Your answer should be an exact copy of all the entries, free of pictures.
- - -
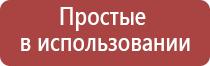 электростимулятор чрескожный Дэнас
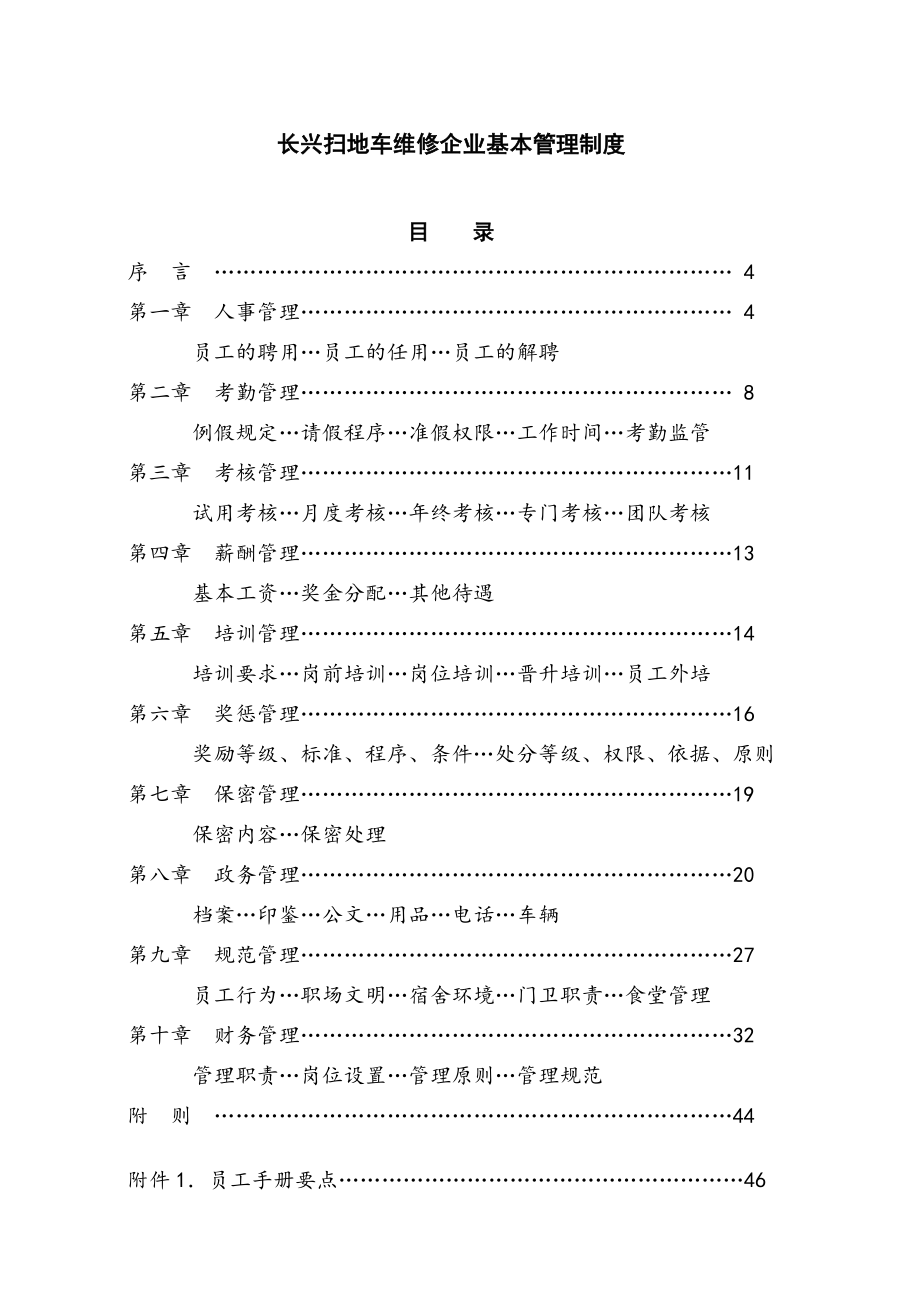长兴扫地车维修企业基本管理制度草稿_第1页
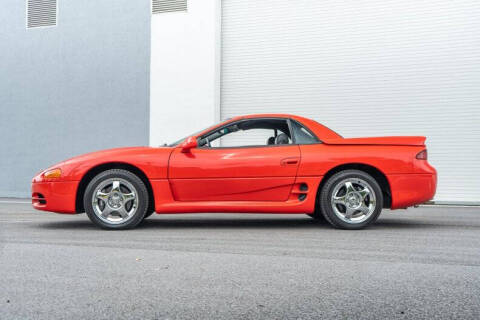 1995 Mitsubishi 3000GT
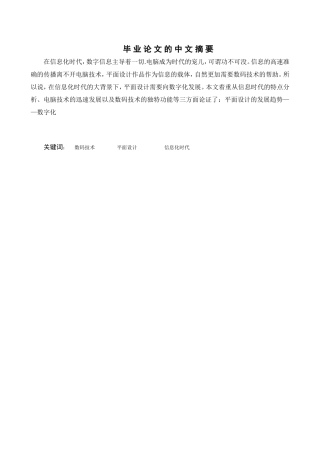 平面设计的发展趋势数字化分析研究  包装设计专业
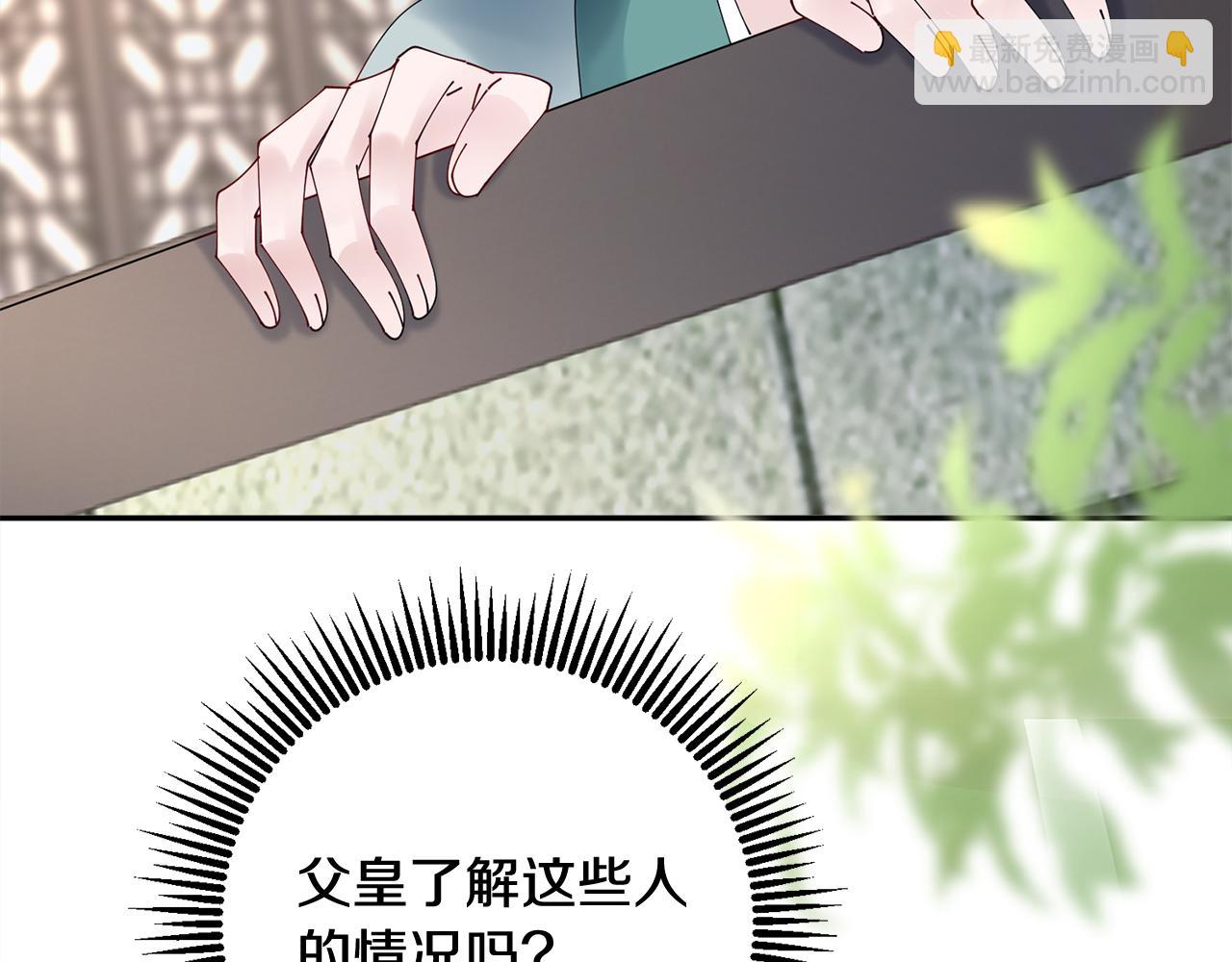 惜花芷·嫡女不折腰 - 第55話 抓住尾巴(2/3) - 8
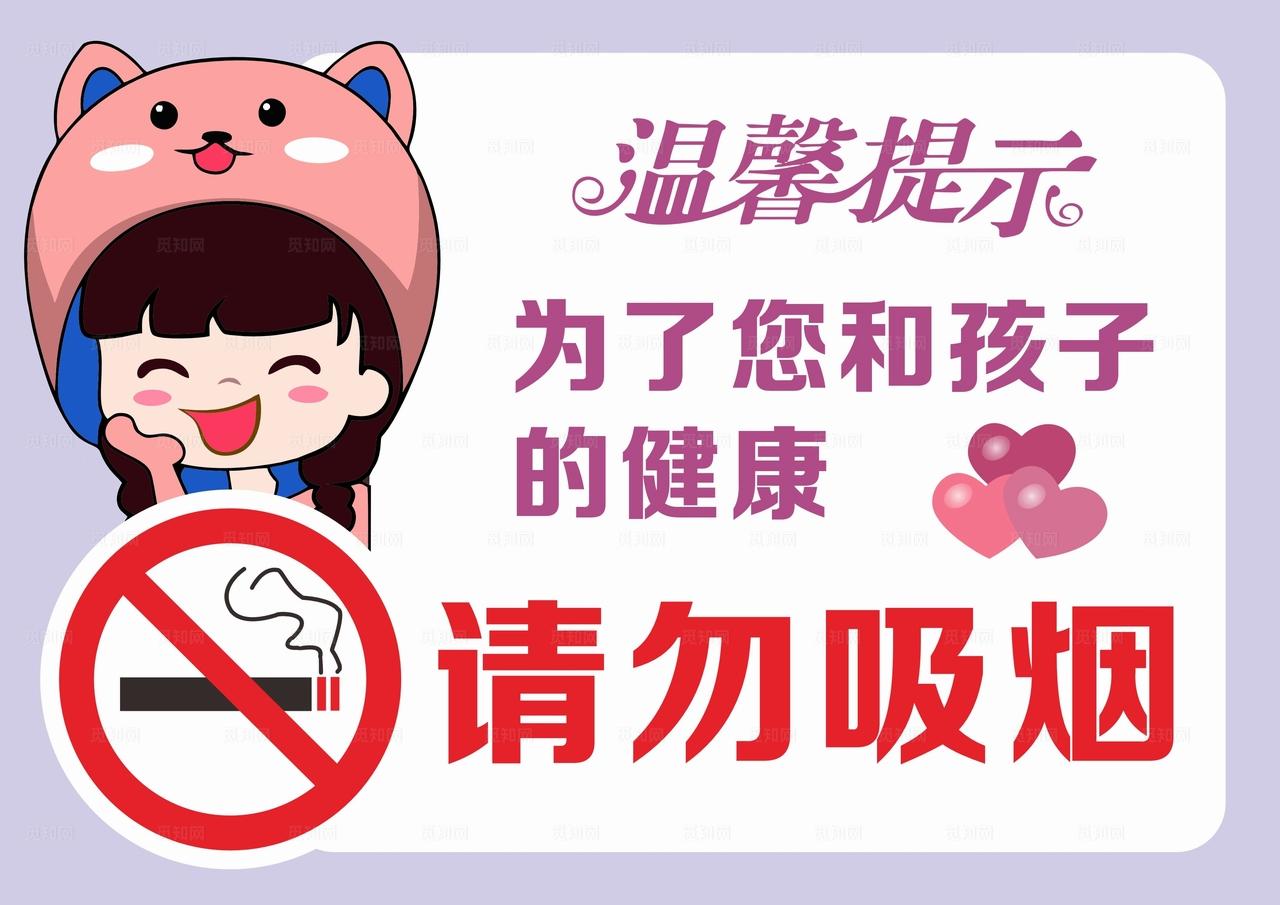 禁烟提醒图片
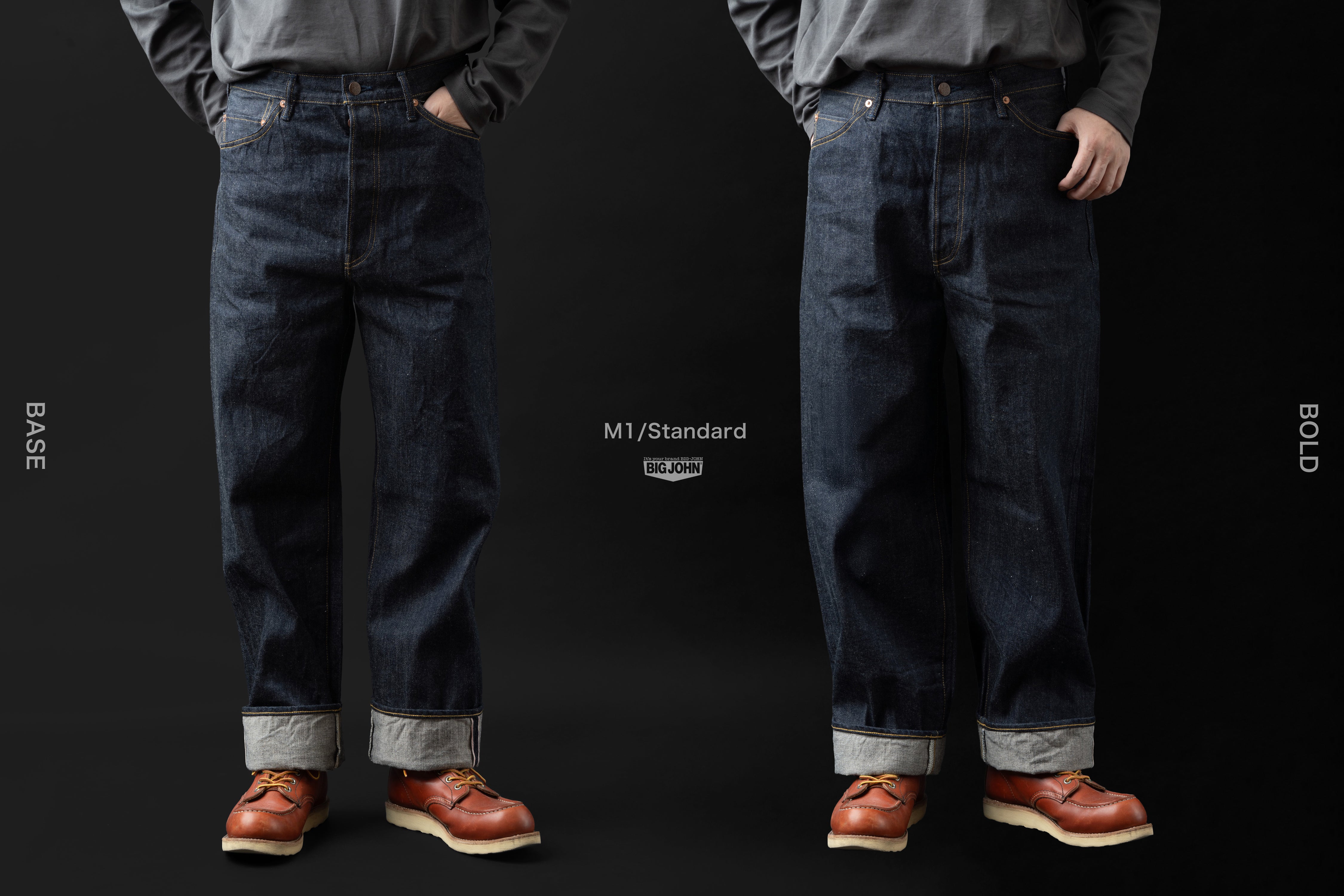 BIG JOHN JEANS INTL – Big-John-Intl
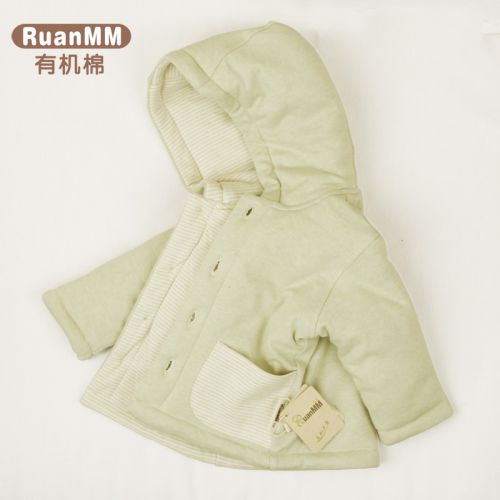 Manteau pour enfant RUANMM - Ref 2163689
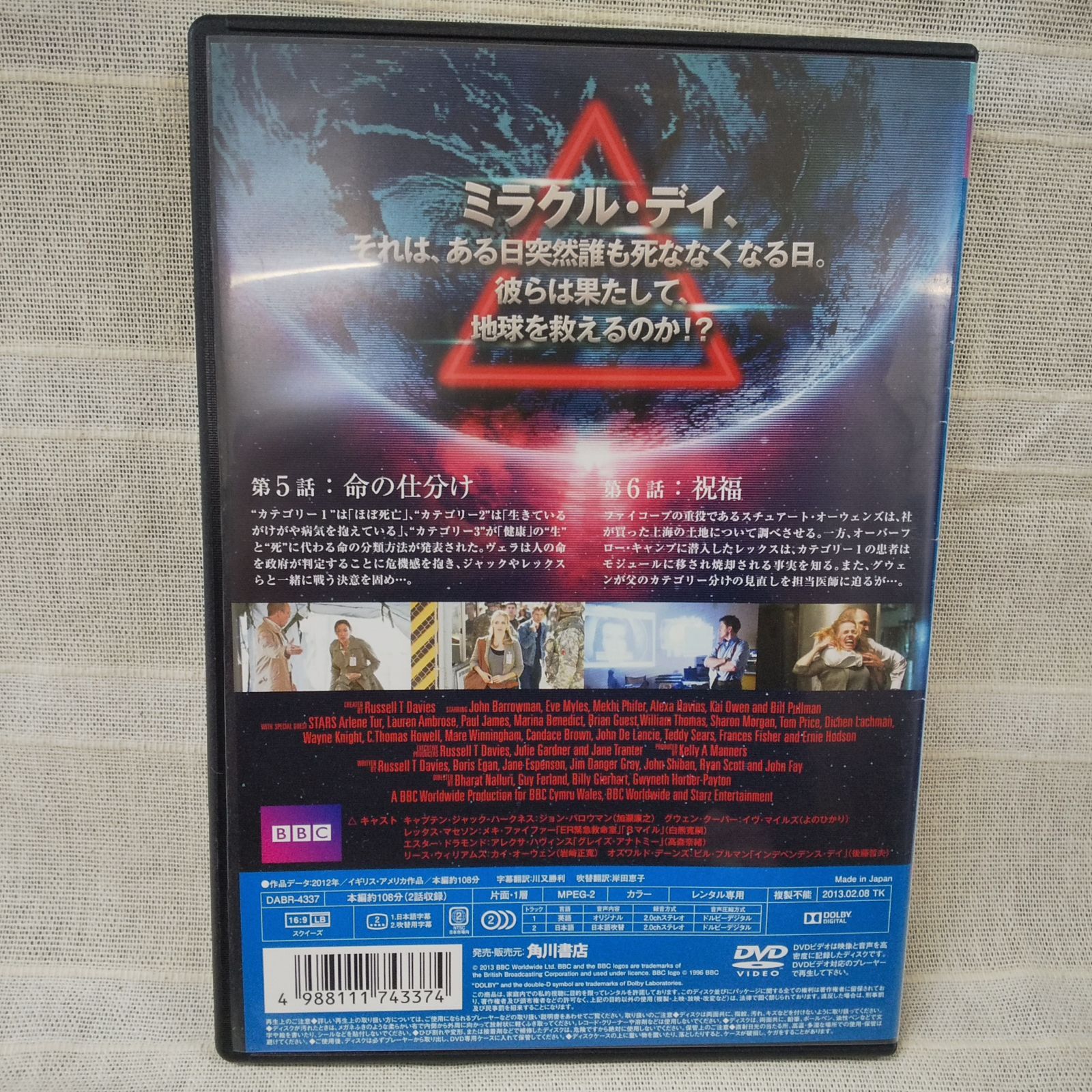 トーチウッド ミラクル デイ Vol.3 レンタル専用 中古 DVD ケース付き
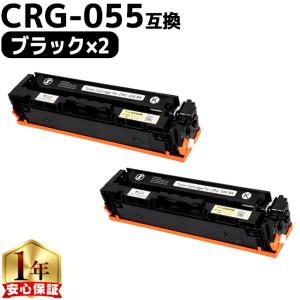インクのチップス CRG-055BLK ( CRG055 )互換 キャノン トナー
- - -
Answer section:
 электростимулятор чрескожный Дэнас
长兴扫地车维修企业基本管理制度草稿_第1页
 1995 Mitsubishi 3000GT
 平面设计的发展趋势数字化分析研究  包装设计专业
 惜花芷·嫡女不折腰 - 第55話 抓住尾巴(2/3) - 8
 禁烟提醒图片
 BIG JOHN JEANS INTL – Big-John-Intl
 Manteau pour enfant RUANMM - Ref 2163689
 トーチウッド ミラクル デイ Vol.3 レンタル専用 中古 DVD ケース付き
インクのチップス CRG-055BLK ( CRG055 )互換 キャノン トナー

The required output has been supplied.